3 DEF CON® 25 Hacking Conference
As the threat of cyberattacks multiplies, organizations and companies must fundamentally increase defensive readiness. These plans must include multiple security countermeasures and defense in depth. Part of this multilayered defense can include the use of AI at a variety of locations, such as endpoints (network boundaries, terminals, etc.) and the data managed in terminals. For example, AI can learn communication patterns and normal operating conditions. When suspicious behavior is confirmed, the AI will issue a security alert and begin a quarantine process by shutting off network connections to curtail a suspicious process. More powerful antivirus software has also emerged that can detect unknown malware by having AI learn its characteristic behaviors.
AI is also being used in determining system vulnerability to cyberattacks. Such tests can establish whether or not the code is susceptible to a wide variety of vulnerabilities previously overlooked. Of course, security countermeasures are advancing outside of the AI field as well. Two examples include security chips that verify if firmware has been manipulated before starting the OS, and remote forensics to identify the cause of infection and provide rapid recovery.
In addition to cybersecurity measures to protect products in operation, adding built-in defenses for future products has become an important trend. Security by design is a development process in which security requirements of products connected to the internet are clearly identified in the planning and design phases, and countermeasures to improve security further are examined. This method is a widely adopted concept in IT, and it will be an essential one for the development of IoT devices in the future.
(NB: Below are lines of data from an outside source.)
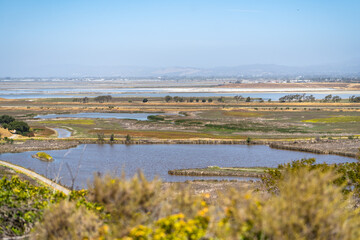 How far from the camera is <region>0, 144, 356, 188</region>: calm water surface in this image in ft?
137

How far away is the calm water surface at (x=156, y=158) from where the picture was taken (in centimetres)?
4172

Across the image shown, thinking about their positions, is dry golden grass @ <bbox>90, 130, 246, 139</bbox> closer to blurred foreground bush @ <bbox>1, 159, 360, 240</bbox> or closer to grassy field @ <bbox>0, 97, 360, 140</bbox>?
grassy field @ <bbox>0, 97, 360, 140</bbox>

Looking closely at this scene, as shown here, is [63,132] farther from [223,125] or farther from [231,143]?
[223,125]

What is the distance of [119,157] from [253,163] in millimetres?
14040

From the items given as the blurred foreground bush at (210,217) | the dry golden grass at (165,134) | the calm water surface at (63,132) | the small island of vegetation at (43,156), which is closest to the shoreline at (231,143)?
the dry golden grass at (165,134)

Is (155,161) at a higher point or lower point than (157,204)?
lower

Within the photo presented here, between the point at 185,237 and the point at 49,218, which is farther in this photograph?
the point at 49,218

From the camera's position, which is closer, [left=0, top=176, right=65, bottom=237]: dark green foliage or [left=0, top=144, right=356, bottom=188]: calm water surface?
[left=0, top=176, right=65, bottom=237]: dark green foliage

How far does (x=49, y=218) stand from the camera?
35.2 feet

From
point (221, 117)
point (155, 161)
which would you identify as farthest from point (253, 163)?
point (221, 117)

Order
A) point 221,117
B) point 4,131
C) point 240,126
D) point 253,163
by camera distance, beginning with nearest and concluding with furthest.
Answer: point 253,163 < point 4,131 < point 240,126 < point 221,117

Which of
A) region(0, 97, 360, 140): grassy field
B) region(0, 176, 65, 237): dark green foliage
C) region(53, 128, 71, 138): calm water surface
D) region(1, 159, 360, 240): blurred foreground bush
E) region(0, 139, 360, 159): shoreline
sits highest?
region(1, 159, 360, 240): blurred foreground bush

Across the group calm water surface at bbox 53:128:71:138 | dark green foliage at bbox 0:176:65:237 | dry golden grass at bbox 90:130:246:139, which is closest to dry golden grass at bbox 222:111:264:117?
dry golden grass at bbox 90:130:246:139

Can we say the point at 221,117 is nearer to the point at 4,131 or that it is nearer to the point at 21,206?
the point at 4,131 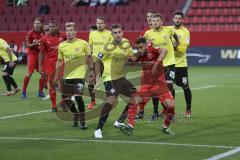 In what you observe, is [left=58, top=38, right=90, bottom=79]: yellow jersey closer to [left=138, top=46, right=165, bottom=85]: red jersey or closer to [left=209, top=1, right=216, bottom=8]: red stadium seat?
[left=138, top=46, right=165, bottom=85]: red jersey

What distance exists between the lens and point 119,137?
441 inches

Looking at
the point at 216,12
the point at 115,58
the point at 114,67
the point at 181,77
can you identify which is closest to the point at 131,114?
the point at 114,67

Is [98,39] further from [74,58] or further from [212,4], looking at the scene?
[212,4]

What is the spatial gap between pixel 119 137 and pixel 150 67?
1428mm

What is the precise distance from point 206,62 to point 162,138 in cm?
2289

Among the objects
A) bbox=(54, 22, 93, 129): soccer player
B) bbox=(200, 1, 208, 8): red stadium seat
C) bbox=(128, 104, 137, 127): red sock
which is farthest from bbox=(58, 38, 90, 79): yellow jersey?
bbox=(200, 1, 208, 8): red stadium seat

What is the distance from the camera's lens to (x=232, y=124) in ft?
42.4

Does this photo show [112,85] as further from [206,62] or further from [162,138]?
[206,62]

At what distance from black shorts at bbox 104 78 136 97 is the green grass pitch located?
2.42 ft

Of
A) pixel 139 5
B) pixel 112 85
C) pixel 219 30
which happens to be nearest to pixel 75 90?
pixel 112 85

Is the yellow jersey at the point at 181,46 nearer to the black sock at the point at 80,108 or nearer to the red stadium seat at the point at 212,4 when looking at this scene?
the black sock at the point at 80,108

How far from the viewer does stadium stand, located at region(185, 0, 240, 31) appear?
37594mm

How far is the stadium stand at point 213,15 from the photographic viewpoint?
1480 inches

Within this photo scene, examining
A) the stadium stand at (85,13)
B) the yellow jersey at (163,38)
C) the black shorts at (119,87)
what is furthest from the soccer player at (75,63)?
the stadium stand at (85,13) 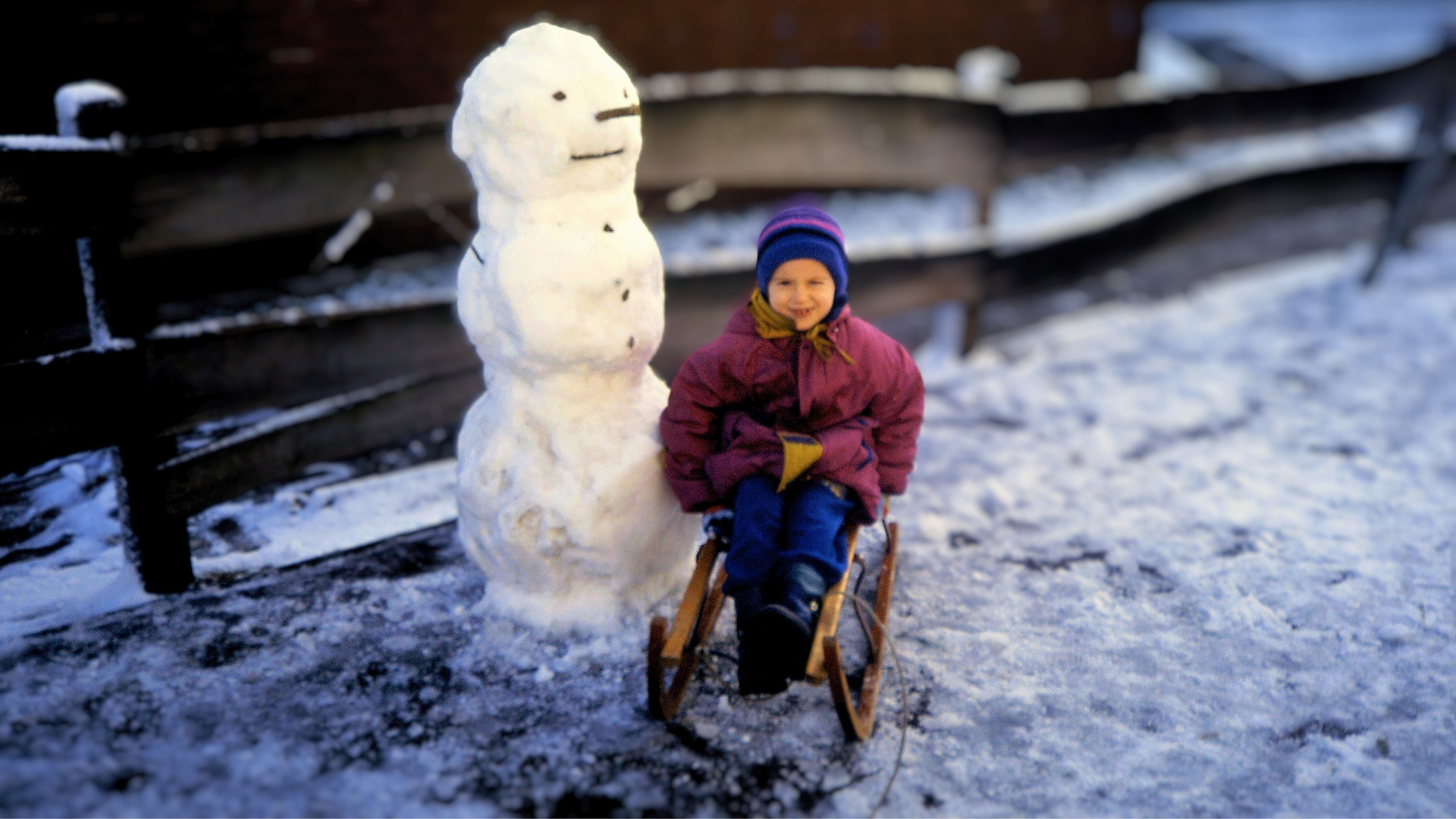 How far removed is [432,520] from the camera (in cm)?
327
A group of experts called the Computer Security Incident Response Team (CSIRT) within many organizations is now responsible for the analysis and response to threat information. These efforts include responses when a vulnerability has been discovered, and management and decision-making after an incident occurs. However, the CSIRT receives countless alerts and threat information on a daily basis, which makes it difficult to prioritize and effectively respond. As a result, it is necessary to create an environment in which an AI-enabled machine handles certain kinds of threats while experts concentrate on the most dangerous ones.
In the past, much of the threat information was in natural language and interpretation by humans was required. However, AI is now able to analyze security-related reports, blog posts and attack notices and present its insights to experts. In addition, AI that make decisions like experts are being adopted in the field. These AI learn each behavior and decision made by experts including how they responded to past problems and acted against threat information once verified. This is enabling AI to build a 24/7 defensive environment.
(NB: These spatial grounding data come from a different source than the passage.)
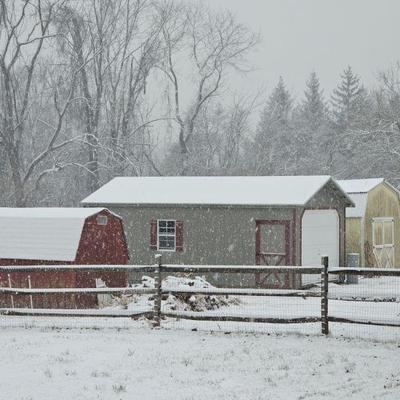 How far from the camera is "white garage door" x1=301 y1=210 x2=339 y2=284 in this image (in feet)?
80.1

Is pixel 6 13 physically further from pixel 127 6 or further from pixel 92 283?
pixel 92 283

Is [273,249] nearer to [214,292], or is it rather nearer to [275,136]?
[214,292]

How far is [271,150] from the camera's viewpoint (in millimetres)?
59906

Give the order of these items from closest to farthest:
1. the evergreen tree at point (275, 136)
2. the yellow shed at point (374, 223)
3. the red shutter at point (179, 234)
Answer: the red shutter at point (179, 234) < the yellow shed at point (374, 223) < the evergreen tree at point (275, 136)

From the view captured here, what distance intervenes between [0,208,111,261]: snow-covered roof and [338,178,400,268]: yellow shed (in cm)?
1317

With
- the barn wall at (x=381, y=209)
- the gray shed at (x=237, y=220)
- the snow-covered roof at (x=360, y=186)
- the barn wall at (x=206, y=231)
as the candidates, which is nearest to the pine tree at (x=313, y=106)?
the barn wall at (x=381, y=209)

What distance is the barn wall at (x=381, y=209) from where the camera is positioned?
28.8m

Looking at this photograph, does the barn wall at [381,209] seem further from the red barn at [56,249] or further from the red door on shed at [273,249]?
the red barn at [56,249]

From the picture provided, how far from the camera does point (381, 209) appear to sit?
29.9 meters

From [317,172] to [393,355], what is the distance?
47746mm

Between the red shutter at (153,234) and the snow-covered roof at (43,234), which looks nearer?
the snow-covered roof at (43,234)

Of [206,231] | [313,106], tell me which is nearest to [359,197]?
[206,231]

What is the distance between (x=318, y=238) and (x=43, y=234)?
10759 millimetres

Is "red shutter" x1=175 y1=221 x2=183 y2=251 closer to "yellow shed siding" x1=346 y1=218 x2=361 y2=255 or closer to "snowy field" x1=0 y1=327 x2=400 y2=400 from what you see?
"yellow shed siding" x1=346 y1=218 x2=361 y2=255
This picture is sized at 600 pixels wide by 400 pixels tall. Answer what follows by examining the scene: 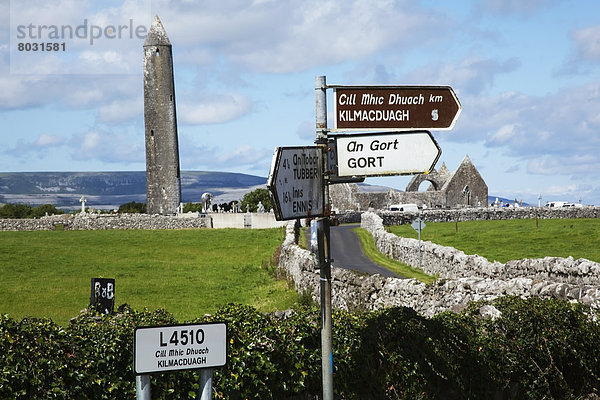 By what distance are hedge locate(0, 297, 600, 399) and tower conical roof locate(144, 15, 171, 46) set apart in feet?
226

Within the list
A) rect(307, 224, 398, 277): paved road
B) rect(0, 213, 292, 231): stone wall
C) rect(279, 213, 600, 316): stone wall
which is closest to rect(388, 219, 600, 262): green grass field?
rect(307, 224, 398, 277): paved road

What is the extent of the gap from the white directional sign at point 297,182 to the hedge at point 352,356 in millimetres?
1987

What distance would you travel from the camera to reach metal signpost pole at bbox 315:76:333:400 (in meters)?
6.86

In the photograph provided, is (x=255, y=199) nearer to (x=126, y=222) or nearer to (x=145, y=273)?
(x=126, y=222)

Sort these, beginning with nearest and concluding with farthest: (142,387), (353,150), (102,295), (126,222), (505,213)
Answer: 1. (142,387)
2. (353,150)
3. (102,295)
4. (126,222)
5. (505,213)

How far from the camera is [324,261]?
6.90 metres

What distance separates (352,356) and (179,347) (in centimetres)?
392

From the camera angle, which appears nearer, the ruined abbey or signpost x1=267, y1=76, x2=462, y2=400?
signpost x1=267, y1=76, x2=462, y2=400

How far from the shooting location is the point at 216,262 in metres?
35.0

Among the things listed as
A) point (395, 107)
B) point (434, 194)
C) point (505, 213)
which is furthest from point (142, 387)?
point (434, 194)

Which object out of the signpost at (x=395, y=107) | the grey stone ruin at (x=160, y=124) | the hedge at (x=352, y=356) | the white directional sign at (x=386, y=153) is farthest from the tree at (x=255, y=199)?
the white directional sign at (x=386, y=153)

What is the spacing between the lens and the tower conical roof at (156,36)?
248 ft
As AI becomes integral to both cyberattacks and defense, battles in cyberspace will be transformed into AI versus AI combat. In such a world, the defense side must work together to collect the latest threat information and gather the means and approaches toward the development and growth of more robust AI. The sharing of intelligence beyond the boundaries of company and nation, and the establishment of a system that applies this acquired intelligence to defense are what is required for a cyber-safe future.